Hwange National Park


Book your Hwange National Park Safari Holiday with Pure Africa Experiences. Visit Hwange National Park in Zimbabwe on a tailor-made tour or safari holiday. There are a number of accommodation options on a Hwange National Park Safari. Hwange National Park is a haven for over 100 mammal and 400 bird species. The Park protects populations of all of Zimbabwe’s endangered species. Elephants, numbering in excess of 20,000 and what is thought to be one of the largest populations of African Wild Dog in the world. Large prides of lion and buffalo are frequently seen in Hwange National Park. You also have a good chance of spotting leopard as well as cheetah and spotted hyena.
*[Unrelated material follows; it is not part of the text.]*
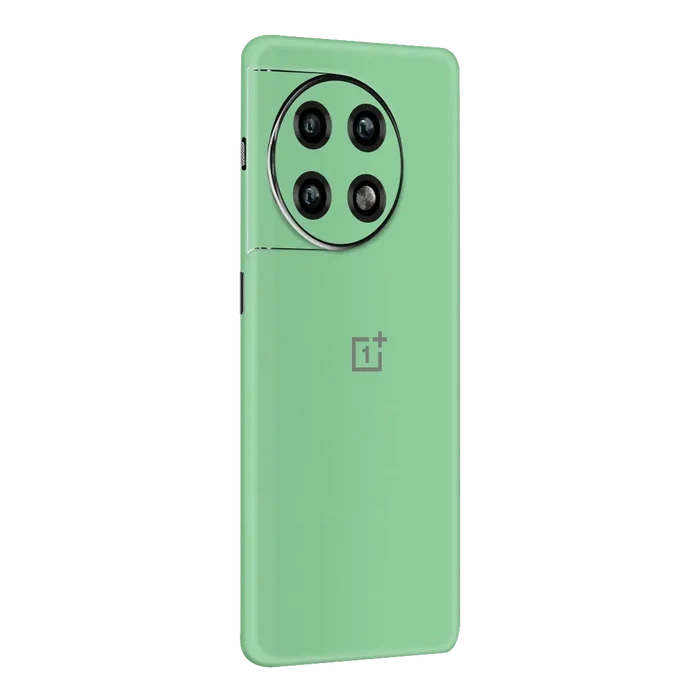Full Back / Pastel Green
Hwange National Park is a fantastic destination for a private safari experience.

 

Hwange National Park

Hwange is Zimbabwe’s largest National Park. The Park accounts for an area of 14,651km². Hwange is located in the northwest corner of Zimbabwe and about one hour south of the magnificent Victoria Falls. This makes it the perfect safari combination with Victoria Falls.

 

Formerly occupied by the San Bushmen, the Nhanzwa, and latterly the royal hunting ground for Matabele King, Mzilikazi. The area was finally gazetted for wildlife conservation in 1928 and then called Wankie Game Reserve. The first warden was 22-year-old Ted Davidson. The reserve was created simply because the land was deemed to be unsuitable for agriculture, with its poor soils and scarce water supplies. With neighboring Robins Game sanctuary, it became a National Park under the National Park Act of 1949. Originally Robins Game Sanctuary belonged to HG Robins, a cattle rancher.

 

Ted Davidson walked across most of Hwange National Park’s immense area during the years 1928-1929. He discovered that wildlife was almost non-existent. The once teeming population of elephants was estimated to be less than 1000, and the black and white rhinoceros had been eliminated. With water being the critical element, Ted Davidson set upon creating over 60 new artificial pans, which helped to boost wildlife numbers now able to access drier parts of the Park. To this day, water remains a critical factor and is vital to the survival of the Park. Thanks to individual organizations such as Friends of Hwange, many of the waterholes are still functioning today.